Q 1 - The arrangement of x/2+ y/9 = 11 and x/3 + y/6 =9 are:
Answer : C
Explanation
The given equations are 9x+ 2y = 198...(i) 2x+y =54...(iii) On multiplying (ii) by 2 and subtracting it from (i), we get: 5x= 90 ⇒x= 18 Putting x=18 in (ii), we get: 36+y = 54 ⇒y = 18 ∴x = 18, y= 18
Q 2 - On solving 4/x+5y=7 and 3/x+4y =5 we, get:
Answer : C
Explanation
Given equations are 4/x+5 y= 7 ...(i) 3/x+4y = 5 ...(ii) On multiplying (i) by 3, (ii) by 4 and subtracting, we get -y =1 ⇒y= -1 Putting y= -1 in (i), we get 4/x-5 = 7 ⇒4/x= 12 ⇒12x= 4 ⇒x= 1/3 ∴x= 1/3, y= -1
Answer : D
Explanation
Given 3x+7y = 75 ...(i) 5x-5 y= 25 ⇒x-y = 5...(ii) Multiplying (ii) by 7 and adding to (i), we get: 10 x = 110 ⇒x = 11 Putting x = 11 in (ii), we get: y=(11-5) = 6 ∴ x+y = (11+6) = 17
Q 4 - On solving p/x+q/y = m, q/x+p/y = n, we get:
A - x=(q2-p2)/(mp-nq) , y = (q2-p2)/(np-mq)

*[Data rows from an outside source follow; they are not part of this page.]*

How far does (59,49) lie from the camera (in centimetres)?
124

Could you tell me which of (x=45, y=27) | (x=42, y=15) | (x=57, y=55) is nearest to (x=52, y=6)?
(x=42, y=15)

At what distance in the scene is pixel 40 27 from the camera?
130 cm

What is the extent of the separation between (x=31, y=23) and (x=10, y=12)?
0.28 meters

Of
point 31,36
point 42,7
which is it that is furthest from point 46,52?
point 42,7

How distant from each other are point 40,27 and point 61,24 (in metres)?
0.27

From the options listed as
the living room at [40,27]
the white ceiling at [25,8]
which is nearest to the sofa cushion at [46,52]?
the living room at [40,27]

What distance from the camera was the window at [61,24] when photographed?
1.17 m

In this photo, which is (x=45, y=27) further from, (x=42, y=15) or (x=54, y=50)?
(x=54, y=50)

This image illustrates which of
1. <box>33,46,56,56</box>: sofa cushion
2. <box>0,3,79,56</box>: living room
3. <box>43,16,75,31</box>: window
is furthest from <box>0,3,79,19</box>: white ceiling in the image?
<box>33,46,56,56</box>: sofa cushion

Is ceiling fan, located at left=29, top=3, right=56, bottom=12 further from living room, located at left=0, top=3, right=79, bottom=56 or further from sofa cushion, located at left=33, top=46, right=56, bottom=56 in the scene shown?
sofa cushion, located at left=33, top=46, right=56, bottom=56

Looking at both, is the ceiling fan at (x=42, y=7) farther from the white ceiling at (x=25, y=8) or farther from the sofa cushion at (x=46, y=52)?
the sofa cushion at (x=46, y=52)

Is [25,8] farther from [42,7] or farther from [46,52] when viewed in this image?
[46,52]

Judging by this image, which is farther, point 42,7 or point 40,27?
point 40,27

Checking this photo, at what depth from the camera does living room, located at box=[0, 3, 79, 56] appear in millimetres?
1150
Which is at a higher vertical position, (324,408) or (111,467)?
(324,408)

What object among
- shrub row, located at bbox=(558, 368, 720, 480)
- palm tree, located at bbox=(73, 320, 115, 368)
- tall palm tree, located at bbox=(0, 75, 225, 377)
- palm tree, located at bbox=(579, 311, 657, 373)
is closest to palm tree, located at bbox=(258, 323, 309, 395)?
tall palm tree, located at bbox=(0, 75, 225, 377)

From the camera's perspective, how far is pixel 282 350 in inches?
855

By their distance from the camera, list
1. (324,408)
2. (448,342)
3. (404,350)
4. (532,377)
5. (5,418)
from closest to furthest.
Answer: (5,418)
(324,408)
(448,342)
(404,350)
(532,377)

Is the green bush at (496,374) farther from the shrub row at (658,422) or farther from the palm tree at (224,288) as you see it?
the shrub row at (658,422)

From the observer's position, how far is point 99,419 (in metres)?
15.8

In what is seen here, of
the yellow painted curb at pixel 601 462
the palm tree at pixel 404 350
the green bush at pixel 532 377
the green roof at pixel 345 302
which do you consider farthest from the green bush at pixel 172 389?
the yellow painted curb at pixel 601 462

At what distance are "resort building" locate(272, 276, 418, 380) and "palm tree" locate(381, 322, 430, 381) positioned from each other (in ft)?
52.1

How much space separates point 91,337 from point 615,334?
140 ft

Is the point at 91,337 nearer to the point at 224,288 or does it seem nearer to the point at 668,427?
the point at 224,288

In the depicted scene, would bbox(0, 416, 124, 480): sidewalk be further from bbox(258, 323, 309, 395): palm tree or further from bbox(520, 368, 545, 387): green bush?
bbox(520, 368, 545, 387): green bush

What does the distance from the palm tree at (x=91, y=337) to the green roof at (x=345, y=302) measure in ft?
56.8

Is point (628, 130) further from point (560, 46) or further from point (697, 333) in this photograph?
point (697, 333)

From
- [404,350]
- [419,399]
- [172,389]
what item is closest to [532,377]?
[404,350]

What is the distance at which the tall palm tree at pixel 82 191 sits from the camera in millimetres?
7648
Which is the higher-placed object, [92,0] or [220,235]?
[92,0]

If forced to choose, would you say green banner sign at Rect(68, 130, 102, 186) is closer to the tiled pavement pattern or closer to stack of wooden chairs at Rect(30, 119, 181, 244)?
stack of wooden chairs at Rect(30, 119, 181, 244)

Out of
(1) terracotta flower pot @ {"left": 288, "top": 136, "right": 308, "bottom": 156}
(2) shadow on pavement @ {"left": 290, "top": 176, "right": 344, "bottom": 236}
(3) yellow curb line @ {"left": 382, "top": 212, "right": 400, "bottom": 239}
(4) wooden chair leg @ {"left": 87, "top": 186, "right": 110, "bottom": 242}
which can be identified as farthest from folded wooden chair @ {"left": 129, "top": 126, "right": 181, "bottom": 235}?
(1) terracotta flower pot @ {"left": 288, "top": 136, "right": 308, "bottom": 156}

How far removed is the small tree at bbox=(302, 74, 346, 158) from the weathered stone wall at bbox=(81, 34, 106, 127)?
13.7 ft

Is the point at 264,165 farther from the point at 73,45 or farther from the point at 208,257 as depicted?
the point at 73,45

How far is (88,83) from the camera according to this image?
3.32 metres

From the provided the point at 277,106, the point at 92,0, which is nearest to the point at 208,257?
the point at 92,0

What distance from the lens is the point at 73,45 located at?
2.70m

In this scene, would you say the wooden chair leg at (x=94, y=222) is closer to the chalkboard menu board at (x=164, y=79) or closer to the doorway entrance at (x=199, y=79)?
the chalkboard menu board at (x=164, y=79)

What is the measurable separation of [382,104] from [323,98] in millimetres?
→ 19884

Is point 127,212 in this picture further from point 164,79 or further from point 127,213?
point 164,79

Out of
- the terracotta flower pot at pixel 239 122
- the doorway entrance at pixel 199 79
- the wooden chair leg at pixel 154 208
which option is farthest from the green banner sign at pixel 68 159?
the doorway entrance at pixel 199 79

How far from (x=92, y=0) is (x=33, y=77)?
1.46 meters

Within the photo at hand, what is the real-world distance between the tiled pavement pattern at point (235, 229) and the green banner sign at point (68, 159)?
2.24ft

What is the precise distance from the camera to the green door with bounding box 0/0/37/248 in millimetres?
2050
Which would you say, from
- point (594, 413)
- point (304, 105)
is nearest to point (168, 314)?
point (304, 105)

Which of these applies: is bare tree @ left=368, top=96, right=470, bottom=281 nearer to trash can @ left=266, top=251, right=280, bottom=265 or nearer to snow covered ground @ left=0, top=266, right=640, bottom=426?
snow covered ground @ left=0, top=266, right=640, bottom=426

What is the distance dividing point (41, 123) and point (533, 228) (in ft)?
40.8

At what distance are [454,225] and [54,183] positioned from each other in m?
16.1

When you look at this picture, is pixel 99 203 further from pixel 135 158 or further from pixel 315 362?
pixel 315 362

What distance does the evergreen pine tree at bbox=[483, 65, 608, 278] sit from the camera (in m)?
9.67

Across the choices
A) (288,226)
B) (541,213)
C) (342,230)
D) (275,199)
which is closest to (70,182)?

B - x=(p2-q2)/(mp-nq), y=(p2-q2)/(np-mq)
Answer : B
Explanation
Given equations are p/x+q/y = m...(i), q/x+ p/y = n ...(ii) On multiplying (i) by q, (ii) by p and subtracting, we get: q2/y- p2/y = mq-np ⇒y (mp-np) = (q2- p2) ⇒y = (q2-p2)/(mq- np) = (p2- q2)/(np-mq) On multiplying (i) by p, (ii) by q and subtracting, we get: p2/x - q2/x = mp- nq ⇒ (p2- q2) = x (mp- nq) ⇒x = (p2- q2)/ (mp-nq) ∴ x= (p2-q2)/(mp-nq) , y = (p2-q2)/(np- mq)
Q 5 - The arrangement of 3x-y+1/3 = 2x+y+2/5 = 3x+2y+1/6 are given by:
Answer : C
Explanation
We have (3x-y+1)/3= (2x+y+2)/5 ⇒5 (3x-y+1) =3(2x+y+2) ⇒15x-5y+5 = 6x+3y+6 ⇒9x-8y -1 = 0 ⇒9x-8y = 1 ...(i) And (2x+y+2)/5 = (3x+2y+1)/6 ⇒ 6 (2x+y+2) = 5(3x+2y+1) ⇒12x+6y +12= 15x+10 y+5 ⇒3x+ 4y= 7...(ii) Multiplying (ii) by 2 and adding (i) to it, we get: 15x= 15 ⇒x= 1 Putting x =1 in .., (ii), we get 3*1+4y= 7 ⇒4y = 4 ⇒y = 1 ∴ x= 1, y = 1
Answer : C
Explanation
X+1/y = 5...(i), 2x+3/y =13 ...(ii) On multiplying (i) by 3 and subtracting (ii) from it, we get: x=2 Putting x= 2 in (i), we get 1/y =3 ⇒3y= 1 ⇒y = 1/3 ∴ (2x-3y) = (2*2-3*1/3) = (4-1) = 3
Q 7 - The arrangement of x/2+y/3 =4 and x+y = 10 are given by:
Answer : C
Explanation
Given equation are 3x+2y = 24 ...(i), x+y =10 ...(ii) On multiplying (ii) by 2 and subtracting from (i), we get: x=4 Putting x= 4 in (ii), we get: y = (10-4) = 6
Q 8 - The arrangement of mathematical statements 2x+ℏy= 11 and 5x-7y = 5 have no arrangement when:
Answer : C
Explanation
For no solution , we have a₁/a₂ = b₁/b₂ ≠c₁/c₂ i.e. 2/5 = ℏ/-7 ≠11/5 ⇒ℏ= -14/5
Q 9 - The arrangement of comparisons 4x+7y= 10 and 10x+ky= 25 have boundless number of arrangements, when:
Answer : D
Explanation
For infinite number of solutions, we have a₁/a₂ = b₁/b₂ =c₁/c₂ ∴ 4/10 = 7/ℏ= 10/25 ⇒7/ℏ= 2/5 ⇒ℏ= 35/2
Q 10 - In the event that 3 seats and 1 table expense Rs. 900 and 5 seats and 3 tables cost Rs. 2100, then the expense of 4 seats and 1 table is:
Answer : B
Explanation
Let cost of 1 chair =Rs x and cost of 1 table =Rs y. Then, 3x+y=900 ...(i) 5x+3y=2100 ...(ii) On multiplying (i) by 3 and subtracting (ii) from it, we get: 4x=600⇒x=150. Putting x=150 in (i), we get: 3*150+y=900⇒y= (900-450) =450. Cost of (4 chairs+1 table) =Rs (4*150+1*450) =Rs (600+450) =Rs1050.